§ EXERCISE
Copy the data exactly, line for line.
=== Section Start ===
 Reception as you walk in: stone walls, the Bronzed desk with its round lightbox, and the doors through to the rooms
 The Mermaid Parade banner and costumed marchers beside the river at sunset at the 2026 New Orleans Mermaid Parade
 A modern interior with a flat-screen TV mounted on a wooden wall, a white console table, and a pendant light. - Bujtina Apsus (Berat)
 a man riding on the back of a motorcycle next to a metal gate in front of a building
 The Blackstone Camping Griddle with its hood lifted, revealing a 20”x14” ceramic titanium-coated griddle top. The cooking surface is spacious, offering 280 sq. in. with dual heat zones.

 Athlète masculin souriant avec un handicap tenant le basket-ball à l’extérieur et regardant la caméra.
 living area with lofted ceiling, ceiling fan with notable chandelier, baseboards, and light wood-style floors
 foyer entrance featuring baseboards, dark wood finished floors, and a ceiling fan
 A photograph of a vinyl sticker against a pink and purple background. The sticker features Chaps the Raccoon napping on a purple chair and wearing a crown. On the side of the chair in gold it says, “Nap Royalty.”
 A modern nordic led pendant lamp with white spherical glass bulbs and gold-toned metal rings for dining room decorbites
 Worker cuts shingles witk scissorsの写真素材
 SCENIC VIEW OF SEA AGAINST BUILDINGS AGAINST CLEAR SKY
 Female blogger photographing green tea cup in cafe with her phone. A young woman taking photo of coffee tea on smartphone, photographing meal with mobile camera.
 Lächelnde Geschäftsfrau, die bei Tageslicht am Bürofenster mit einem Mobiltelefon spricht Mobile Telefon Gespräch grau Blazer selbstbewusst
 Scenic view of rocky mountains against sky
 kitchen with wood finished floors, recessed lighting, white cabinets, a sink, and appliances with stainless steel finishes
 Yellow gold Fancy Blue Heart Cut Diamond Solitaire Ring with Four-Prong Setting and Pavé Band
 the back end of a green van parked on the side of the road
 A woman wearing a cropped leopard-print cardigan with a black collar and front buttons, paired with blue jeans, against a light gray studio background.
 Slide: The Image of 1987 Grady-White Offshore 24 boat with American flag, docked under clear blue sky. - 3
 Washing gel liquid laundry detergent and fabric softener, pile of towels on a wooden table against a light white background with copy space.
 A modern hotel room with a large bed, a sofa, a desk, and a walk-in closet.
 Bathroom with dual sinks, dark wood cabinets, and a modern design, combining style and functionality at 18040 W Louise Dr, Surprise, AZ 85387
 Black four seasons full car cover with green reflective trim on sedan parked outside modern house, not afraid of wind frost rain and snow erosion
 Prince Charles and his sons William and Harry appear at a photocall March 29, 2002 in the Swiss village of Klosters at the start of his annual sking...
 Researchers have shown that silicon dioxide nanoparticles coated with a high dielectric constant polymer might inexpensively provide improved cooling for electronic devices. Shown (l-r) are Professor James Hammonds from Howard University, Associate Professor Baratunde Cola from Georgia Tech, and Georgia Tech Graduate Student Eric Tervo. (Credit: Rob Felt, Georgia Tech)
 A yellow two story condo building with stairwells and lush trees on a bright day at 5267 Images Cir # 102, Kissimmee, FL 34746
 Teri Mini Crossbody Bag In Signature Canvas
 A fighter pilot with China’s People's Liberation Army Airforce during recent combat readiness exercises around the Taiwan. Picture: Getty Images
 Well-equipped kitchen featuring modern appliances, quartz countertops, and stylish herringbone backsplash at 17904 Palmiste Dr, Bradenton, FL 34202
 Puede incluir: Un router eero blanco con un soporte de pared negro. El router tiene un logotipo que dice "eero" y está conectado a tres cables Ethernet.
=== Section End ===
§ ANSWER
 Reception as you walk in: stone walls, the Bronzed desk with its round lightbox, and the doors through to the rooms
 The Mermaid Parade banner and costumed marchers beside the river at sunset at the 2026 New Orleans Mermaid Parade
 A modern interior with a flat-screen TV mounted on a wooden wall, a white console table, and a pendant light. - Bujtina Apsus (Berat)
 a man riding on the back of a motorcycle next to a metal gate in front of a building
 The Blackstone Camping Griddle with its hood lifted, revealing a 20”x14” ceramic titanium-coated griddle top. The cooking surface is spacious, offering 280 sq. in. with dual heat zones.

 Athlète masculin souriant avec un handicap tenant le basket-ball à l’extérieur et regardant la caméra.
 living area with lofted ceiling, ceiling fan with notable chandelier, baseboards, and light wood-style floors
 foyer entrance featuring baseboards, dark wood finished floors, and a ceiling fan
 A photograph of a vinyl sticker against a pink and purple background. The sticker features Chaps the Raccoon napping on a purple chair and wearing a crown. On the side of the chair in gold it says, “Nap Royalty.”
 A modern nordic led pendant lamp with white spherical glass bulbs and gold-toned metal rings for dining room decorbites
 Worker cuts shingles witk scissorsの写真素材
 SCENIC VIEW OF SEA AGAINST BUILDINGS AGAINST CLEAR SKY
 Female blogger photographing green tea cup in cafe with her phone. A young woman taking photo of coffee tea on smartphone, photographing meal with mobile camera.
 Lächelnde Geschäftsfrau, die bei Tageslicht am Bürofenster mit einem Mobiltelefon spricht Mobile Telefon Gespräch grau Blazer selbstbewusst
 Scenic view of rocky mountains against sky
 kitchen with wood finished floors, recessed lighting, white cabinets, a sink, and appliances with stainless steel finishes
 Yellow gold Fancy Blue Heart Cut Diamond Solitaire Ring with Four-Prong Setting and Pavé Band
 the back end of a green van parked on the side of the road
 A woman wearing a cropped leopard-print cardigan with a black collar and front buttons, paired with blue jeans, against a light gray studio background.
 Slide: The Image of 1987 Grady-White Offshore 24 boat with American flag, docked under clear blue sky. - 3
 Washing gel liquid laundry detergent and fabric softener, pile of towels on a wooden table against a light white background with copy space.
 A modern hotel room with a large bed, a sofa, a desk, and a walk-in closet.
 Bathroom with dual sinks, dark wood cabinets, and a modern design, combining style and functionality at 18040 W Louise Dr, Surprise, AZ 85387
 Black four seasons full car cover with green reflective trim on sedan parked outside modern house, not afraid of wind frost rain and snow erosion
 Prince Charles and his sons William and Harry appear at a photocall March 29, 2002 in the Swiss village of Klosters at the start of his annual sking...
 Researchers have shown that silicon dioxide nanoparticles coated with a high dielectric constant polymer might inexpensively provide improved cooling for electronic devices. Shown (l-r) are Professor James Hammonds from Howard University, Associate Professor Baratunde Cola from Georgia Tech, and Georgia Tech Graduate Student Eric Tervo. (Credit: Rob Felt, Georgia Tech)
 A yellow two story condo building with stairwells and lush trees on a bright day at 5267 Images Cir # 102, Kissimmee, FL 34746
 Teri Mini Crossbody Bag In Signature Canvas
 A fighter pilot with China’s People's Liberation Army Airforce during recent combat readiness exercises around the Taiwan. Picture: Getty Images
 Well-equipped kitchen featuring modern appliances, quartz countertops, and stylish herringbone backsplash at 17904 Palmiste Dr, Bradenton, FL 34202
 Puede incluir: Un router eero blanco con un soporte de pared negro. El router tiene un logotipo que dice "eero" y está conectado a tres cables Ethernet.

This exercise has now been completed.